Il trasporto in orbita di questi satelliti inizierà nel quarto trimestre del 2027. Secondo la società di Jeff Bezos i servizi di TeraWave saranno utili a governi, aziende e datacenter, che avranno bisogno di connessioni ad alta affidabilità e costantemente attive. La velocità di punta sarà di 6 Tbps.
L’architettura di TeraWave sarà composta da satelliti interconnessi otticamente in orbita terrestre bassa (LEO) e orbita terrestre media (MEO). Questo design multiorbitale consentirà collegamenti ad altissima velocità tra hub globali e connessioni utente distribuite multigigabit, in particolare in aree remote, rurali e suburbane.
Secondo Blue Origin, i clienti distribuiti a livello globale potranno accedere a velocità fino a 144 Gbps fornite tramite collegamenti in banda Q/V dai satelliti in LEO, mentre fino a 6 Tbps possono essere accessibili tramite collegamenti ottici dai 128 satelliti che sono previsti in MEO.

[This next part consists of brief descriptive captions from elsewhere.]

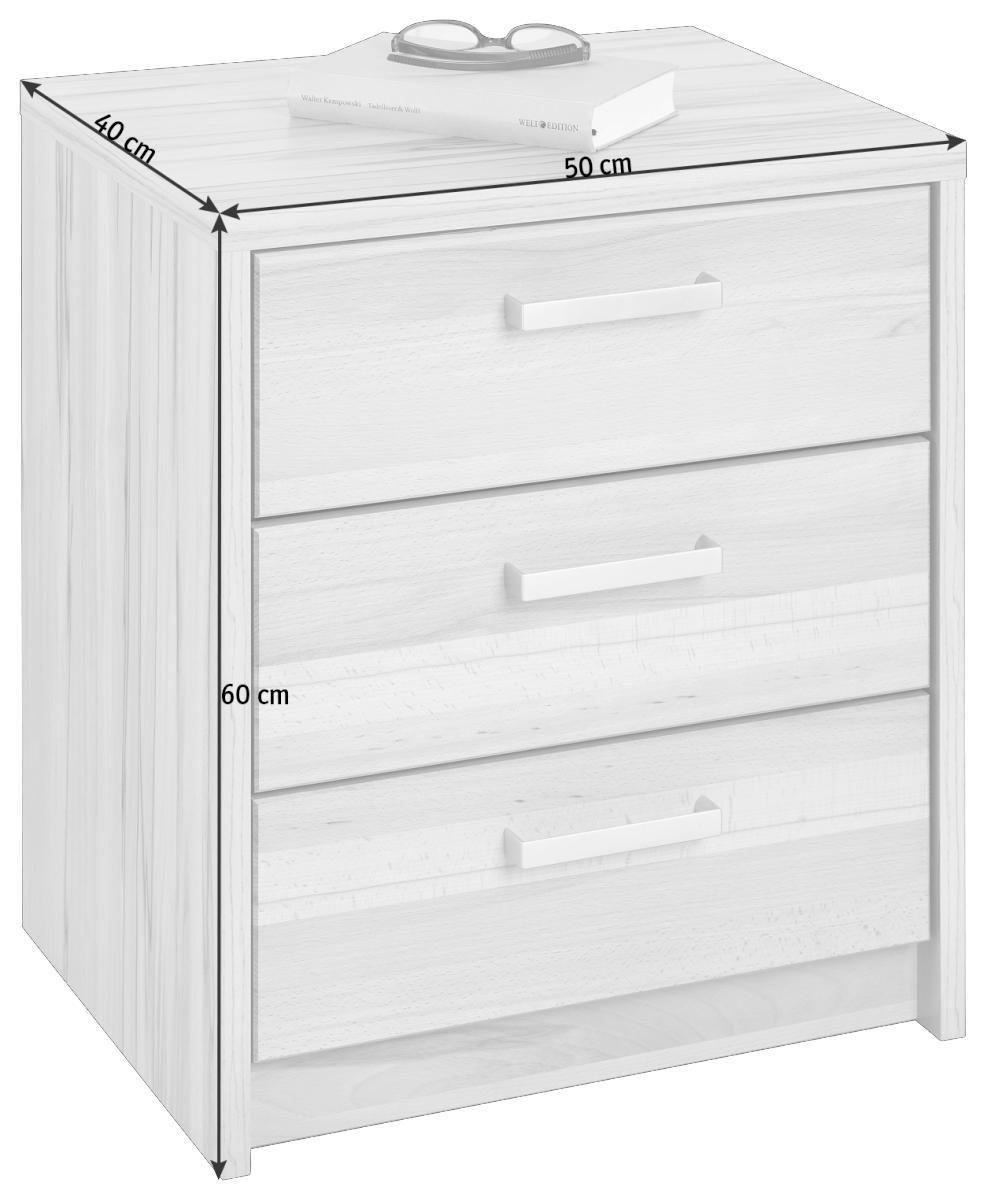 NACHTTISCH 50/60/40 cm  in Kernbuche Buchefarben  - Buchefarben/Nickelfarben, Natur, Holz/Metall (50/60/40cm) - Linea Natura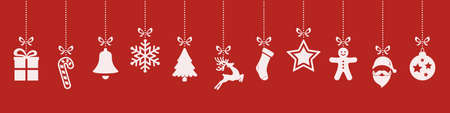 christmas ornaments hanging red backgroundのイラスト素材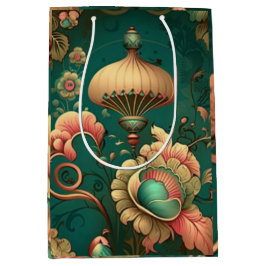 Sacola Para Presentes Média Vintage retro design floral verde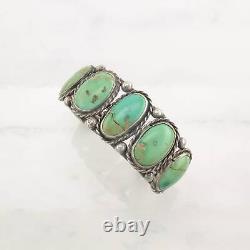 Bracelet manchette en argent sterling amérindien précoce, Cerillos, turquoise à 5 pierres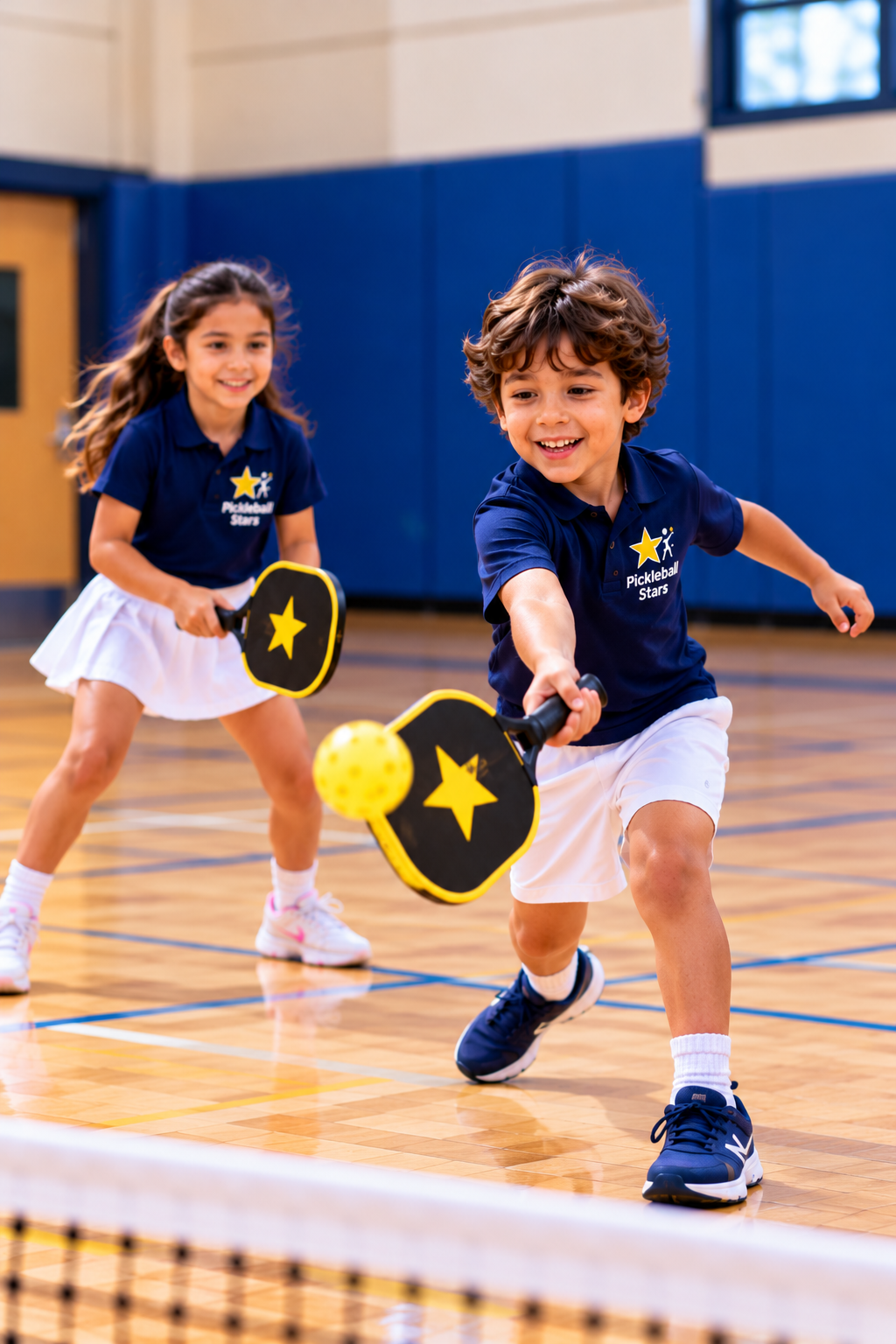 Young children learning pickleball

I clienti a Terra, e probabilmente anche nello spazio, potranno quindi scegliere quale velocità della connessione ottenere, e di conseguenza quale prezzo pagare. La sensazione inffatti è che questa costellazione non si rivolta solo ai clienti a Terra, ma anche a stazioni spaziali, satelliti, capsule e soprattutto datacenter che potrebbero esserci in orbita nei prossimi anni.
Con questa costellazione, Blue Origin entra in un mercato decisamente affollato, che nei prossimi anni lo diventerà ancora di più. Attualmente la megacostellazione Starlink ha sicuramente il monopolio delle connessioni internet via satellite, ma anche Amazon sta costruendo una costellazione di questo tipo, chiamata Amazon LEO.
La rete di Amazon ha un obbiettivo più consumer, per sfidare direttamente Starlink, mentre TeraWave di Blue Origin ha un focus più aziendale. Basterà per differenziale e far soppravvivere entrambi i progetti delle due aziende di Jeff Bezos?